ORDER
On July 28, 1997, this court directed respondent, an attorney licensed to practice law in the District of Columbia, to comply with a subpoena duces tecum issued by Bar Counsel in connection with a pending investigation of respondent stemming from a client complaint. See D.C.Bar R. XI, § 18 (1997). In seeking reconsideration of that order, respondent contends that enforcement of the subpoena would compel disclosure of confidential information in violation of Rule 1.6 of the Rules of Professional Conduct (1997). Rule 1.6(d)(3), however, permits an attorney to reveal client confidences “[t]o the extent reasonably necessary to establish a defense to a ... disciplinary charge ... formally instituted against the lawyer, based upon conduct in which the client was involved, or to the extent reasonably necessary to respond to specific allegations by the client concerning the lawyer’s representation of the client.” Respondent argues that, to the extent this exception rests upon waiver of the attorney-client privilege by the client, cf. Wender v. United Serv. Auto. Ass’n, 434 A.2d 1372, 1374 (D.C.1981) (quoting Hearn v. Rhay, 68 F.R.D. 574, 581 (E.D.Wash.1975)), the client here effectively revoked the waiver by subsequently withdrawing the complaint against appellant. This argument is answered by D.C.Bar R. XI, § 19(e) (“Effect of settlement, compromise, restitution, or refusal to proceed”), which states: “Neither unwillingness nor neglect by the complainant to sign a disciplinary complaint or to prosecute a charge, nor settlement, compromise, or restitution, shall in itself justify abatement of an investigation into the conduct of an attorney.” Permitting the client to shut off the information available to Bar Counsel through simple “refusal to proceed” would be tantamount to abatement of an investigation into fitness in many cases. Cf. also SpendeR A. GaRD, Jones on Evidence § 21.2 (1994 Supp.) (“A waiver of confidence for privileged communications once made has conclusive effect and [the privilege] cannot again be claimed at a subsequent proceeding”); 1 John W. STRONG, McCoemick on Evidence § 93 at 347 (4th ed.1992).

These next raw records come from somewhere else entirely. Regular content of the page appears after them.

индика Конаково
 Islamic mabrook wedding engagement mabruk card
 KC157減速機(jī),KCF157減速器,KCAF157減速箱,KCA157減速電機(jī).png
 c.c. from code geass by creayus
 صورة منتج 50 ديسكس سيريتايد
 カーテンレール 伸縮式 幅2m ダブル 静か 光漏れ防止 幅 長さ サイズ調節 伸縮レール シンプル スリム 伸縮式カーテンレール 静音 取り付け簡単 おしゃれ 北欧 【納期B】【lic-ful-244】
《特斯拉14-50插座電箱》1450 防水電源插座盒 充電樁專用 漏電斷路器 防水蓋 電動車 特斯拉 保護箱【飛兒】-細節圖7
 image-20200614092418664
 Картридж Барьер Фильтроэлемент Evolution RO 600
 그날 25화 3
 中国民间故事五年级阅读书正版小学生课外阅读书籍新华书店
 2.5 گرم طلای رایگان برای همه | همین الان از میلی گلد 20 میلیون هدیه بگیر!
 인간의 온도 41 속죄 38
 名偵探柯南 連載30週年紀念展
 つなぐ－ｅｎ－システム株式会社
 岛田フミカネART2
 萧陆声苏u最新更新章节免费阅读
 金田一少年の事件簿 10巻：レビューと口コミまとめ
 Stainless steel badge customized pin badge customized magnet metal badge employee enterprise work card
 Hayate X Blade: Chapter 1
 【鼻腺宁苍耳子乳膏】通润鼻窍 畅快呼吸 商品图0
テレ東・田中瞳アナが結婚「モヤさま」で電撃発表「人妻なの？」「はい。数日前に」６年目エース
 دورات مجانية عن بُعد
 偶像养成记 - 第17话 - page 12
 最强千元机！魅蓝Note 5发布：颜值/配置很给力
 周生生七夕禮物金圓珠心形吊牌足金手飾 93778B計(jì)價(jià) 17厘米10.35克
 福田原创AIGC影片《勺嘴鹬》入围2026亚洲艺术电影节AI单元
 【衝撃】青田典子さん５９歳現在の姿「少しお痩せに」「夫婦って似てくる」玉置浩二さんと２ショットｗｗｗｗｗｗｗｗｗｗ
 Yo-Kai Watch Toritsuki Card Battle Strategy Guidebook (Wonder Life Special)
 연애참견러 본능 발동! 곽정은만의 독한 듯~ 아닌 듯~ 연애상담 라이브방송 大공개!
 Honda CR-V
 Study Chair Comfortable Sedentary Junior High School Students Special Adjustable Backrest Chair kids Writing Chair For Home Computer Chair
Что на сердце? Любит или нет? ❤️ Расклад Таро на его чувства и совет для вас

Respondent has not substantiated his additional claim that Bar Counsel’s subpoena is overbroad and amounts to a “fishing expedition.” We therefore reject that argument summarily.
The motion to reconsider is denied. Respondent shall produce all documents and files described in Bar Counsel’s February 4, 1997 subpoena and shall comply with the terms of that subpoena within 10 days of the date of issuance of this order.